Fetisov Journalism Awards nominated the press series titled, “Until the last drop” by Mada Masr news website, the winner of the third rank in the category of the investigations. “How does Egypt’s water achieve food security for the Arab Gulf?” is the most prominent investigation within the series. The awarded investigation uncovers the exhaustion of Egypt’s water and electricity resources by Gulf companies to cultivate land they own in Egypt. The investigation reveals that those companies got the land cheap in shady deals and that they use it to cultivate crops banned in their own countries.
In 1997, the ousted President Mohamed Hosni Mubarak announced the launch of the Toshka project for the purpose of cultivating one million acres in the Western Desert and establishing new industrial and urban communities. Those communities were supposed to take in four to six million citizens over ten years through creating 45,000 job opportunities. Years passed without much success achieved for Egypt and its food security, while the same project brought great profits for the Gulf investors; 5.5 million cubic metres of water out of Egypt’s water share of the Nile was allocated to the project through lifting water from Lake Nasser and pouring it into the Canal of Sheikh Zayed through a water station with a 250,000-megawatt capacity. The Emirates funded the construction of the station with $100 million. After the station began working in 2003, Gulf investment flowed into the project. Now, 405,000 acres have been cultivated – 100,000 acres owned by al-Rajhi Saudi Group and 100,000 acres owned by al-Dahra Emirati Agricultural Group. This means that 50 per cent of the land for the project is owned by two Gulf investors.
The Gulf companies acquired such areas with very low prices. The report of the Accountability State Authority in 2014 showed that one acre was bought for EGP 50, while an acre then was worth EGP 11,000. Moreover, the state was responsible for the provision of infrastructure including digging canals. Saudi Arabia issued in 2015 a decision to stop the cultivation of the cattle feed because of its high consumption of water as an acre of alfalfa needs 8,000 cubic metres of water.

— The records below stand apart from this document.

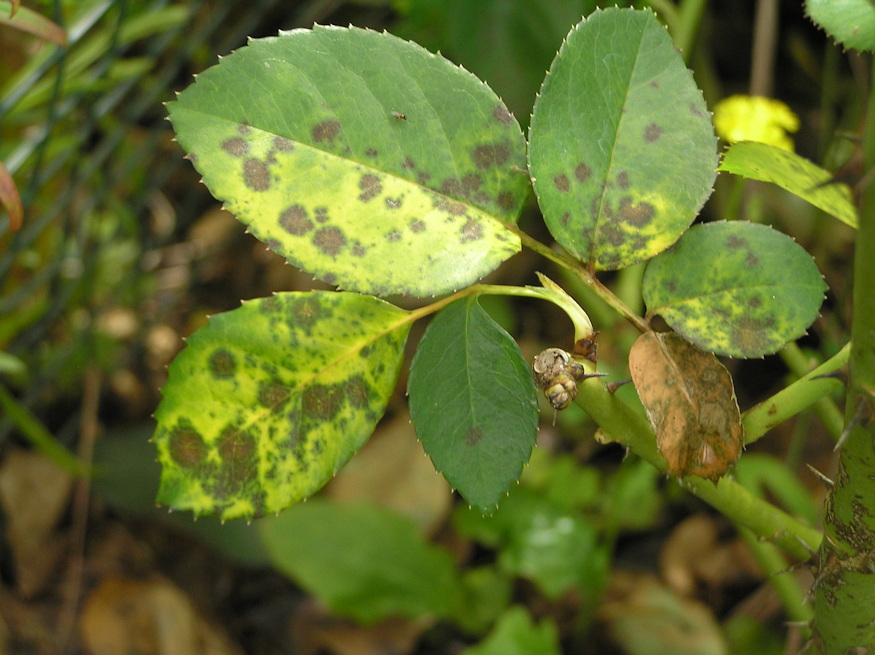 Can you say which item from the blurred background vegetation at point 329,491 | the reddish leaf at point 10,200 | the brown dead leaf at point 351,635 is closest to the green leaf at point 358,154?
the reddish leaf at point 10,200

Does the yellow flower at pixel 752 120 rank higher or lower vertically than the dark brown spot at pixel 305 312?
lower

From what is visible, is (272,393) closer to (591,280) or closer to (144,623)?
(591,280)

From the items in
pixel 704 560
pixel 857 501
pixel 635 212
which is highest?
pixel 635 212

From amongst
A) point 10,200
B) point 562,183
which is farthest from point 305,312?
point 10,200

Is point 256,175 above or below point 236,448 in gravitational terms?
above

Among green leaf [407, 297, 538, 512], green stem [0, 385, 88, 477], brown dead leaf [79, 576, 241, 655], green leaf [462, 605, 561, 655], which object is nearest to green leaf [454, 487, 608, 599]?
green leaf [462, 605, 561, 655]

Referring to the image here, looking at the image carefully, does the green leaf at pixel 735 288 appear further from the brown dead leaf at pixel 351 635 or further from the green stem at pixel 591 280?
the brown dead leaf at pixel 351 635

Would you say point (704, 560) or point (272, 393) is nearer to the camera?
point (272, 393)

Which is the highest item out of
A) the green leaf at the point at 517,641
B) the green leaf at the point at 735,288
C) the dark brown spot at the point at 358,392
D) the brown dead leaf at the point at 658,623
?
the green leaf at the point at 735,288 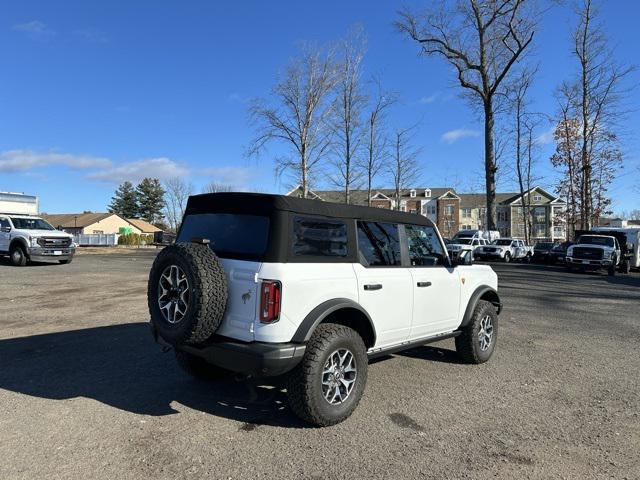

According to the 2030 Strategy of the Egyptian Ministry of Agriculture, Egypt has to save its water resources through the development of the irrigation system in the Nile Valley and Delta and lowering the cultivation of rice, which is one of the most important crops in Egypt. However, the Egyptian government surprisingly allowed the Gulf companies to cultivate clover in Toshka. Moreover, although the contracts between Gulf companies and the Egyptian government state that only five per cent of the land could be cultivated with alfalfa, those companies cultivate 25 per cent amid governmental complicity.
The agricultural expert Gamal Siam, professor of agricultural economy at Cairo University, said that the total cultivated area is 29,000 acres, and consumes 210 million cubic metres of water annually. The company pays EGP 20 million to the government for the water, while this amount is worth EGP 420 million (if one cubic metre of water is estimated at EGP 2).